The Evil Master
The Master, Henry Ogle, was accused of supplying food that was so bad that paupers refused to eat it even when hungry. The bread was described by the Freeman’s Journal on 29 July 1864 as ‘coagulated Indian meal as hard as a flag … we can compare it to nothing more than a fragment of granite containing copper. It could not be champed by any force of dental pressure and could not be digested by any stomach’. The Nation of 30 July 1864 also carried the story.
Kitty Madden, the mother of a blind girl who took fits, gave evidence that she carried her daughter, Mary, to the infirmary on her back but the cake made her vomit and her mother was loathe to let her die on that diet. Another pauper, Judy Solon, testified the bread was ‘always blue-moulded and musty’. The Nation newspaper noted that on one occasion 200 rations of the objectionable food was so bad that it was thrown out on the instruction of the Guardians.

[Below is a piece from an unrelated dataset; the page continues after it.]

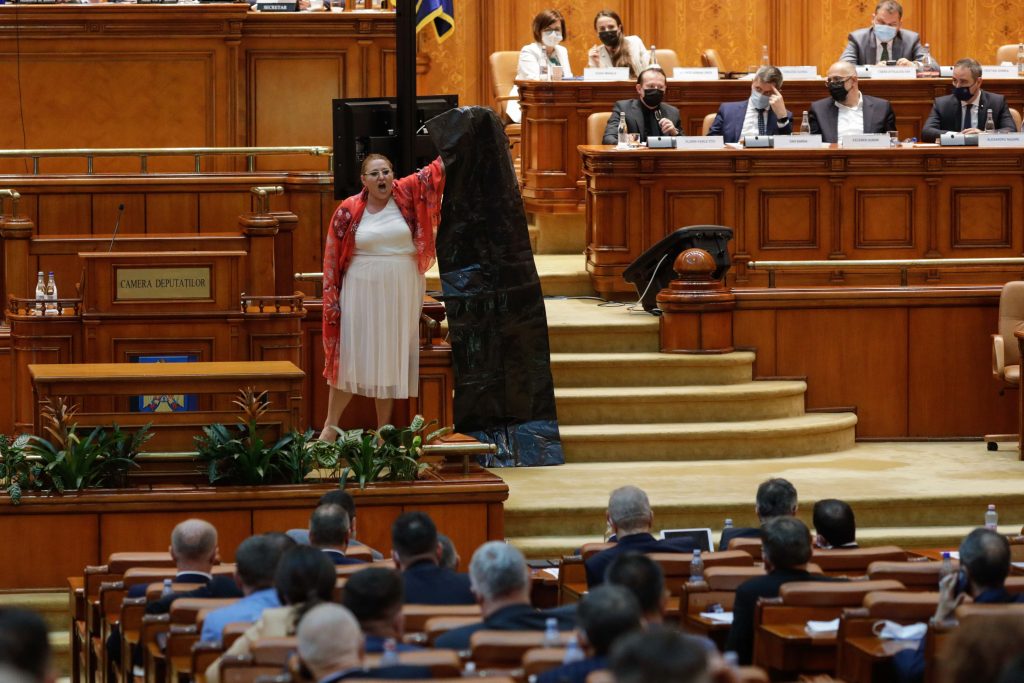 Scene din filme în Parlament. Diana Șoșoacă a lovit un parlamentar de la USR-PLUS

A woman named Mrs Calligy offered to buy it to feed to her pigs but her offer was refused and it was thrown into the cesspool. John Howard, whose leg ulcers were so bad that he had to be carried in to give his evidence, stated that the food made him so thirsty that he was forced to drink his own urine. He also claimed that he could no longer stand up because his ulcers had not been properly treated by Dr. Coates and that he had been discharged without a shirt to wear.

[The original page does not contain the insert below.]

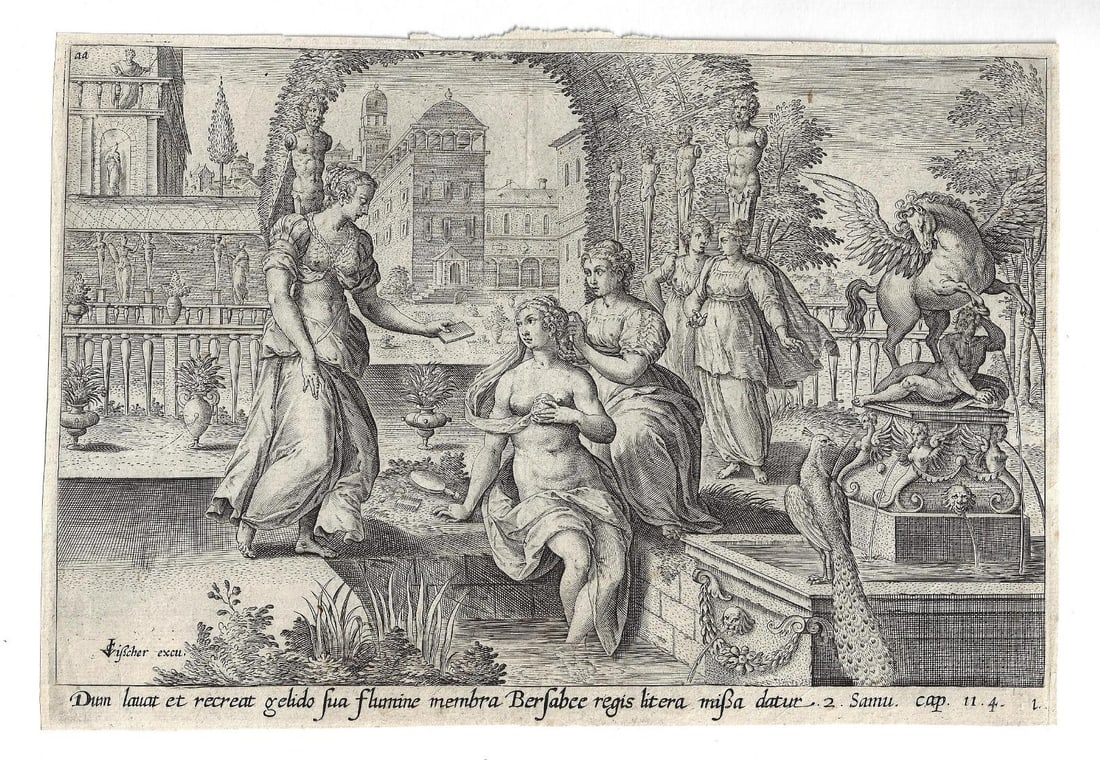 1643 Fine Engraving Collaert Visscher Bathsheba: A fine engraving of Bathsheba receiving a letter from David. After Adriaen Collaert (1560-1618) by Claes Jansz Visscher (1587-1652). Tagged to mount, Fine condition. Attached reference material on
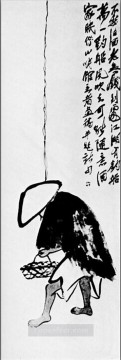 斉白石 Painting - チー・バイシ 釣り竿を持つ漁師 古い墨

In response Dr. Coates stated that ‘I do not ask patients how they feel before I discharge them; I use my hands, my eyes, my ears and my own judgment in discharging persons; I do not think it is necessary before doing so’. A mock enquiry was held into the treatment of inmates and the appalling diet they were receiving, however no action was taken against either Ogle or Coates notwithstanding the weight of evidence against them.